Ward turned to Brennan. “Looks as if we’ll need a few extra uniforms on crowd control.” He motioned for Nora to accompany him to the cutting. “Is there anything you can tell me? Who was it found this body?”

“One of the archaeologists working here at the site. They called her Rachel, but I’m sorry, I don’t know her surname. I only arrived a short while ago myself.”

Ward consulted a list he’d been handed by one of the uniformed officers. “Briscoe, it says here. Rachel Briscoe.”

They’d reached the edge of the cutaway. The policeman seemed unfazed by the sight of the corded brown arm that stuck up out of the peat. “Ursula Downes and I were having a look at the other findspot when they called us over,” she said. “I think at first we both assumed this was another set of old remains, until we saw the watch.”

Ward’s eyebrows spiked. “A wristwatch?”

“Yes—I can show you, if I could just climb down into the drain for a second.” Ward nodded. Nora dug out a foothold in the drain face and stepped down onto the board that rested on the mucky floor. She had to hang on to the edge of the cutting and tread carefully to keep the plank from tipping. If she fell off, she’d be mired to her knees in a second.

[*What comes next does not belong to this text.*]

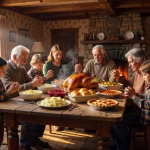 How to Build a Family Prayer Habit That Actually Sticks Warm family gathered around rustic farmhouse dinner table holding hands in prayer, golden hour sunli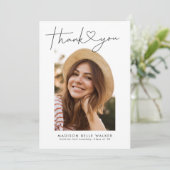 Carte de coeur du Merci de diplôme moderne (Debout devant)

Through her magnifying glass, she examined the dead man’s flexed hand, his long fingers with their well-formed oval fingernails, and noted the fibrous black peat embedded beneath the nails, which were slightly ragged, as though bitten off rather than clipped. The delicate flesh on the back of the hand was shrunken and slightly decayed from being near the exposed surface of the bog, but the palm appeared wonderfully intact, the fingertips wrinkled as if he had just lingered too long in the bath. With gloved fingers, Nora scraped the wet peat from around the watch, its wide metal strap buckled around a once-solid wrist now reduced to moldering flesh and exposed bone.

Ward crouched on the bank above the cutting for a closer look. “What else can you tell me?”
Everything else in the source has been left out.